┏━━
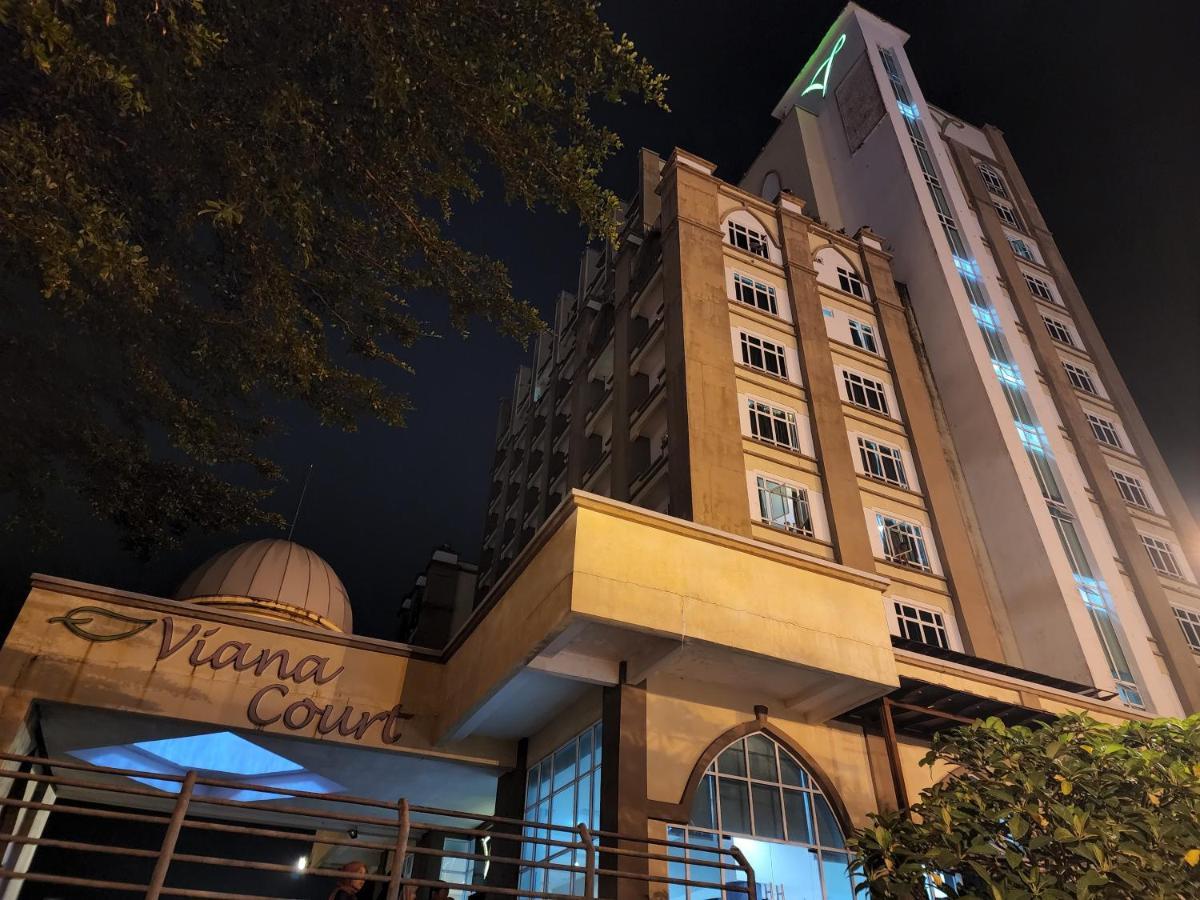 The Viana Apartment 1 Kota Bharu Exterior foto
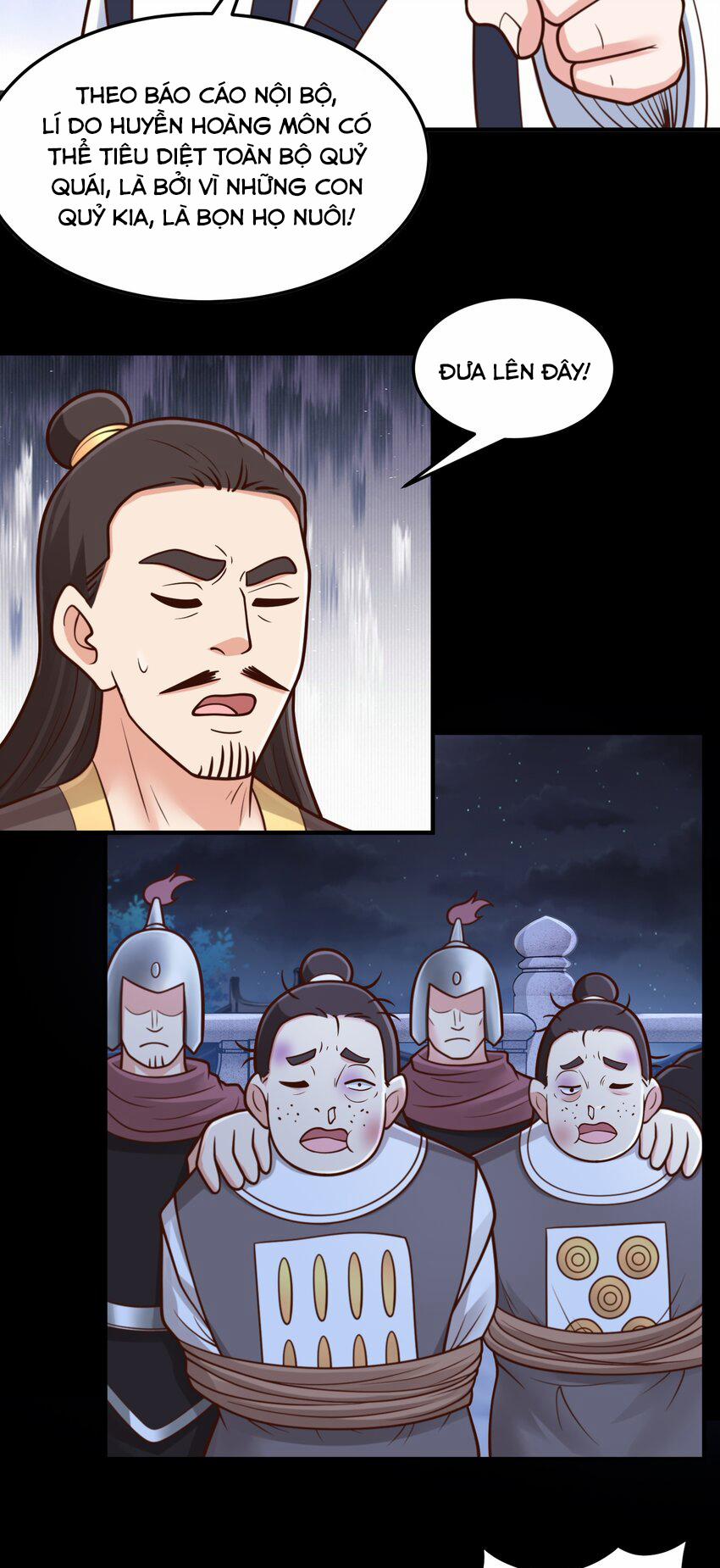 Luyện Khí Chi Thần 70 trang 22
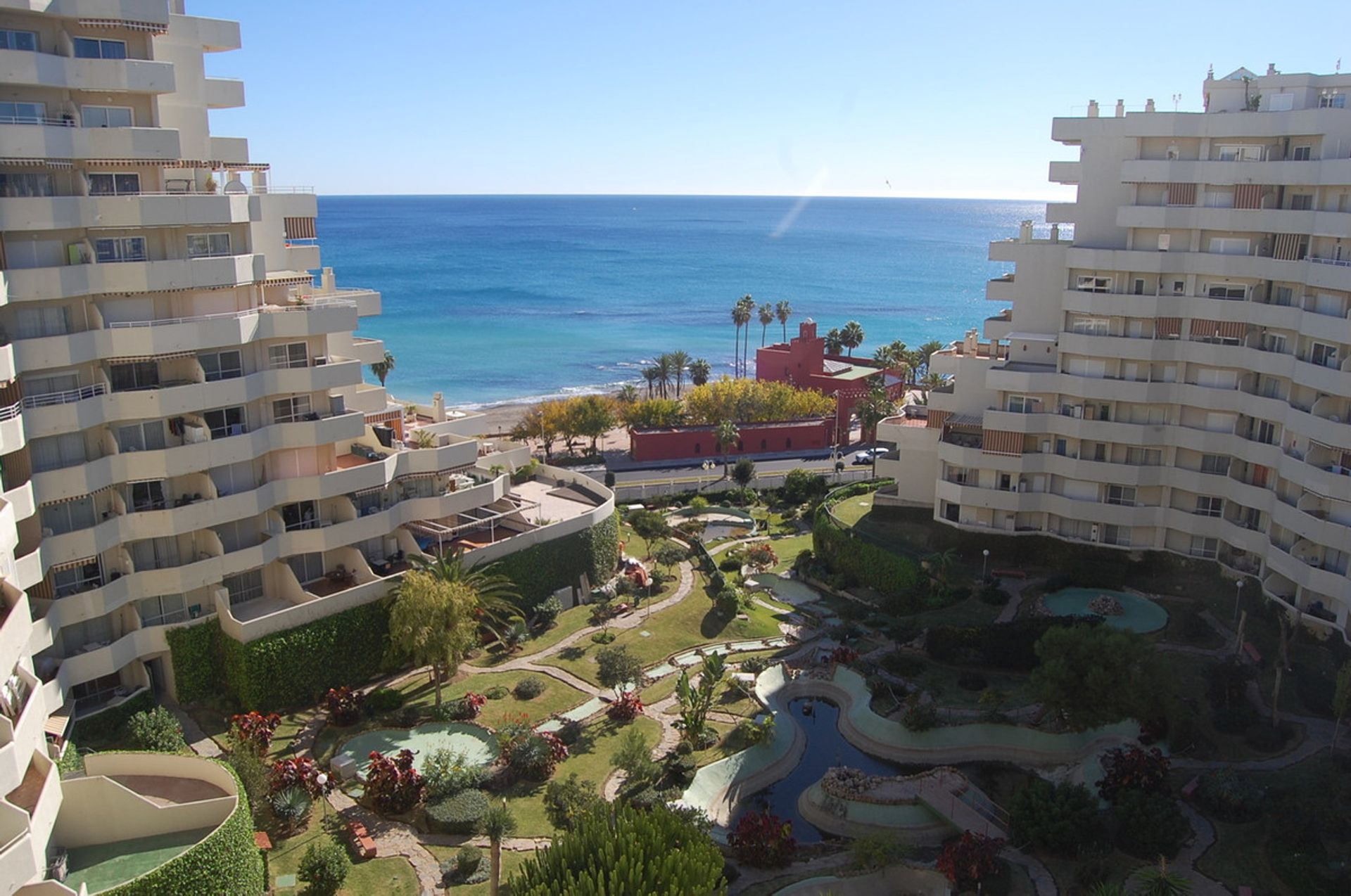 Condominio nel Benalmádena, Andalusia 10211751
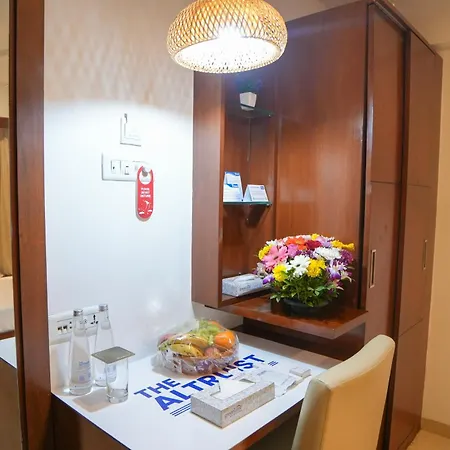 The Altruist Andheri Hotel-2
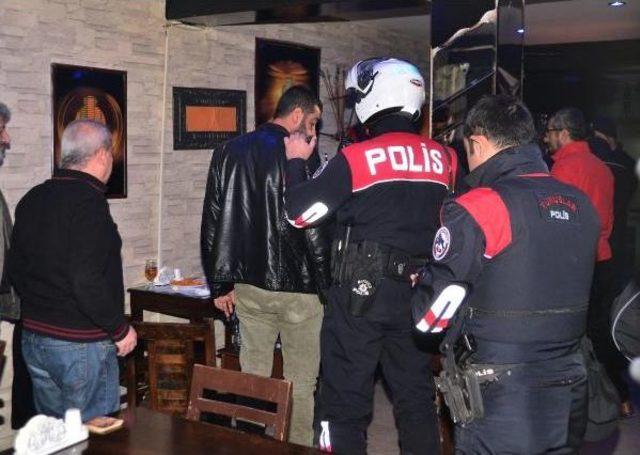 Bar Ve Gece Kulüplerinde Asayiş Uygulaması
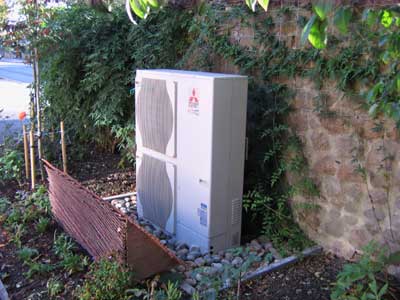 Air Source Heat Pump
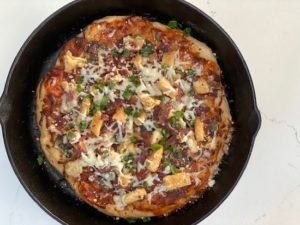 How To Make Pan Pizza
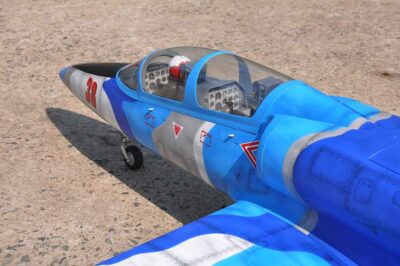 BH193 - L-39 ALBATROS 1450mm (78.74") EDF 90mm/Electric Retract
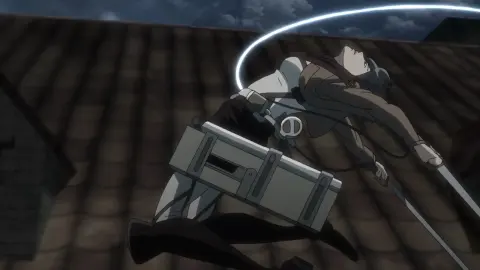 Attack on Titan: Chronicle still 12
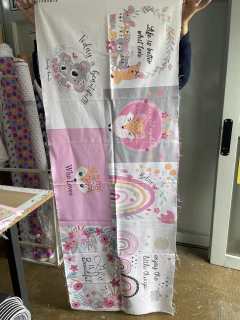 TIRA DE GABARDINA INFANTIL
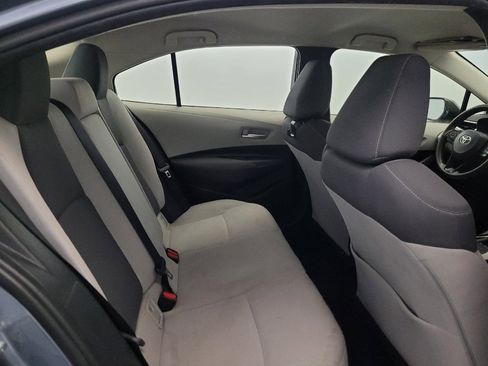 Used 2021 Toyota Corolla LE w/ Carpet Mat Package (TMS) FWD image 19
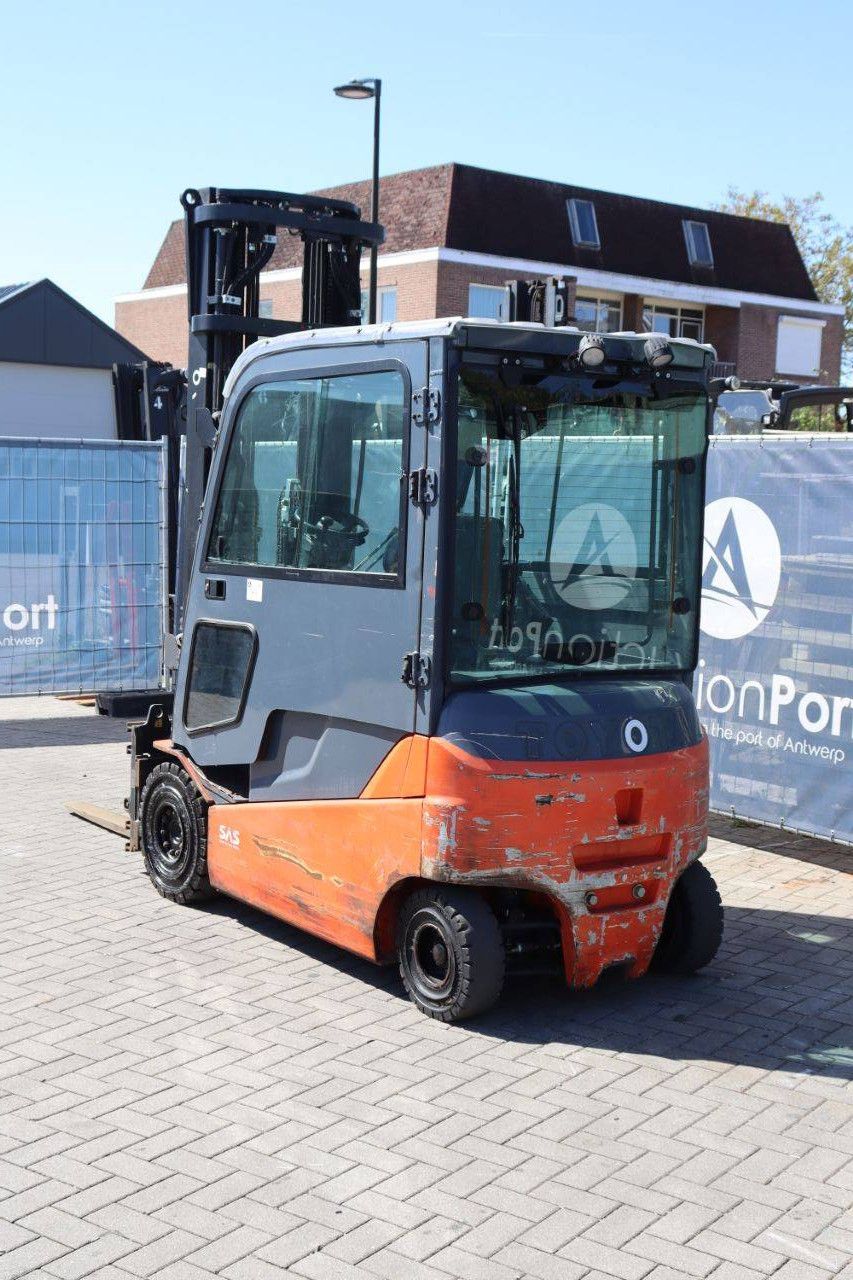 Toyota 8FBMT25 Elektrogabelstapler 2500 kg 2020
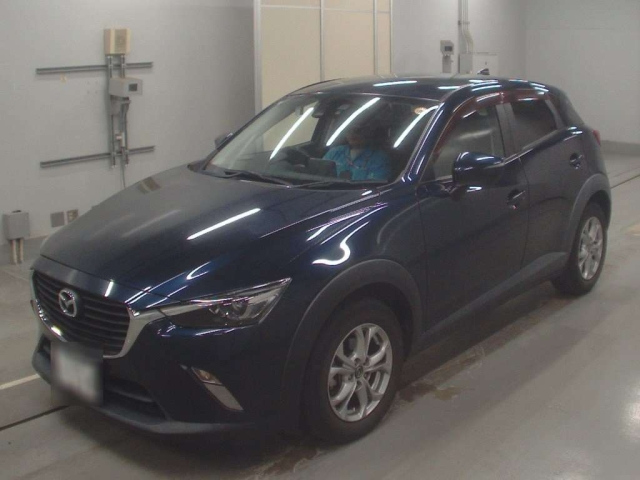 MAZDA CX-3 2015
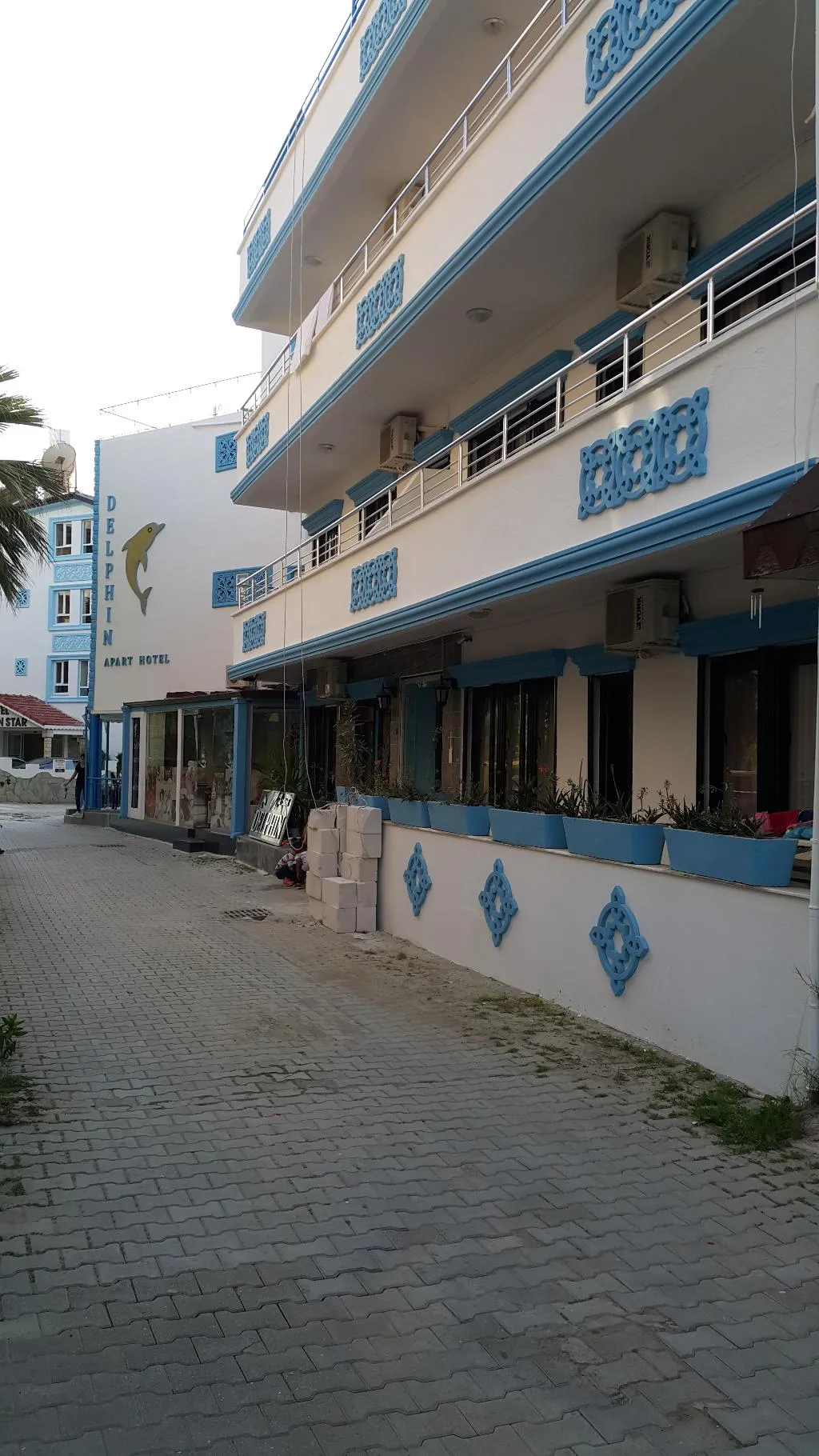 General view, Delphin Apart Hotel, Antalya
┗━━
* WORK TO BE COMPLETED
Transcribe the entries above exactly, from their first line through the line with "MAZDA CX-3 2015", and omit all pictures.

* REPLY TO THE TASK
 The Viana Apartment 1 Kota Bharu Exterior foto
 Luyện Khí Chi Thần 70 trang 22
 Condominio nel Benalmádena, Andalusia 10211751
 The Altruist Andheri Hotel-2
 Bar Ve Gece Kulüplerinde Asayiş Uygulaması
 Air Source Heat Pump
 How To Make Pan Pizza
 BH193 - L-39 ALBATROS 1450mm (78.74") EDF 90mm/Electric Retract
 Attack on Titan: Chronicle still 12
 TIRA DE GABARDINA INFANTIL
 Used 2021 Toyota Corolla LE w/ Carpet Mat Package (TMS) FWD image 19
 Toyota 8FBMT25 Elektrogabelstapler 2500 kg 2020
 MAZDA CX-3 2015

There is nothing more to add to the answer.